Shortly after his fourth film, 1995's Wild Side, Cammell committed suicide in Hollywood, the only place he had ever wanted to make movies. Furthermore, his wife claimed the wound was not immediately fatal and that he had asked for a mirror so that he could watch himself die. A claim that's been refuted by several sources since.
You can see why the connection was made though, because he was certainly attracted to death, and his third film, White of the Eye, is a clear indication of that. A serial killer is on the loose in and around Arizona, and housewife Joan White (Cathy Moriarty) is blissfully unaware, at least at first, that her opera-loving hi-fi engineer husband, Paul (David Keith), might know more than he's letting on.
Described by the distinguished critic David Thomson as "one of the great secret works in cinema", White of the Eye is an intriguing proposition for much of its leisurely running time. The fascinating visual style, which could be accused of aping the work of Dario Argento, is accompanied by a memorable score co-written by Pink Floyd's Nick Mason.
David Keith has rarely been better, though you're more likely to recognise him from appearances in U-571, An Officer and a Gentleman and Firestarter. Cathy Moriarty is on fine form too. Far removed from your typical damsel in distress, Moriarty brings depth, vulnerability, edge and beauty to the table. White of the Eye might sound like a routine 80s thriller, but with Cammell behind the camera it rarely comes across that way.

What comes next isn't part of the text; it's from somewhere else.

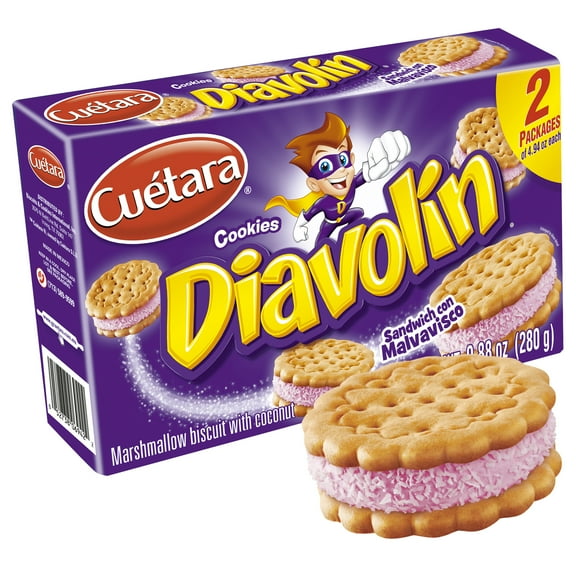 Cuétara Diavolin Marshmallow Sandwich 9.88 oz (280 g), 2 Packages of 4.94 oz.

Cammell always did beat to the sound of a different drum, and White of the Eye is further proof of his peculiarity. At least until the producers stepped in. He's in no rush either, which works in the films favour for much of its running time. Cammell has created an off-kilter world that captivates from the outset, a mesmerising oddity that reels you in and takes hold. However, as the final act looms ever larger, Eye of the Tiger loses its way, forced to conform with a tacked on denouement that doesn't sit well with the rest of the picture.
It's an underwhelming ending for sure, but despite concerns about style over substance, there's lots to enjoy along the way. Not least the infamous hunting scene, which comes at a time when the movie is starting to lose focus. It's a bruising encounter, with homoerotic undertones, and I only wish there had been more of this throughout. The death sequences are creative though, and the voyeuristic nature of these killings is incredibly effective. Keith is the glue that binds, believable as both the doting husband and the psychotic killer, but he's clearly having more fun - as is the audience - when he's asked to step it up a gear.

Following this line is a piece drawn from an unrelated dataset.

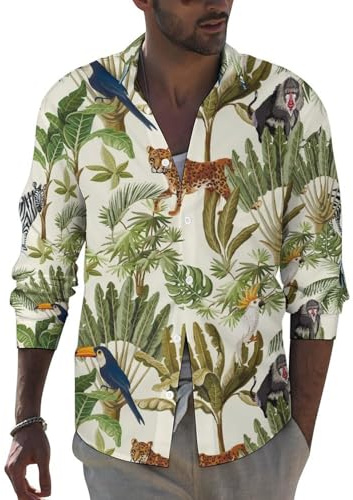 Camicie a maniche lunghe da uomo - Animali della giungla Slim Fit Button Up Camicia Uomo Abbigliamento Casual, Modello 10, L
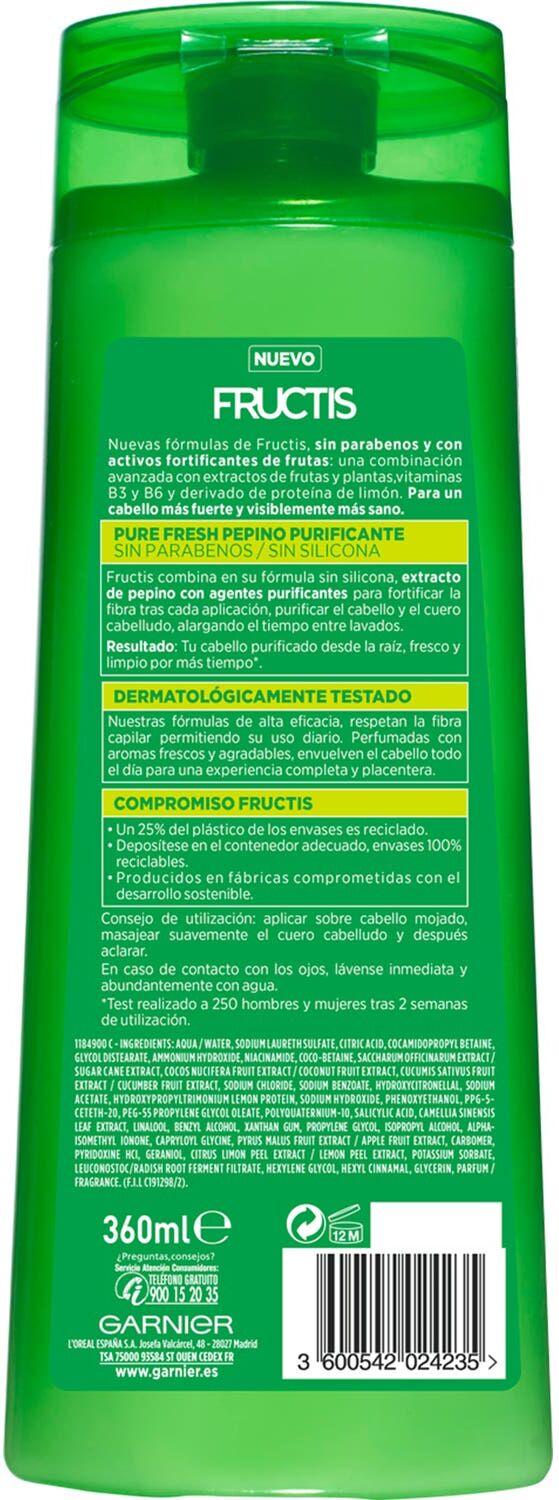 GARNIER Fructis Pure Fresh Pepino Purificante Champú 360ml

With a gorgeous new restoration of the negative and a bevy of supplements including a documentary on Cammell by Oscar winning filmmaker Kevin Macdonald and Chris Rodley, an audio commentary by Cammell's biographer Sam Umland, Cammell's short film The Argument, a comprehensive booklet and more, Arrow Films has once again delivered the goods in terms of quality. Fans of the film, its director and stars really couldn't ask for more.
Strip back the weirdness and you're left with a straightforward serial killer movie, albeit, one that does its best to avoid serial killer stereotypes. The killings are artful, the tone is bizarre and the characters are downright bewildering. Unfortunately, Cammell is far more interested in what the characters become than how they get there, and the leaps of faith can be quite jarring at times.
White of the Eye will definitely find an audience, and lovers of cinematic oddities could do far worse. It's probably best if you switch off after the films true ending though, some twenty minutes before the final credits roll.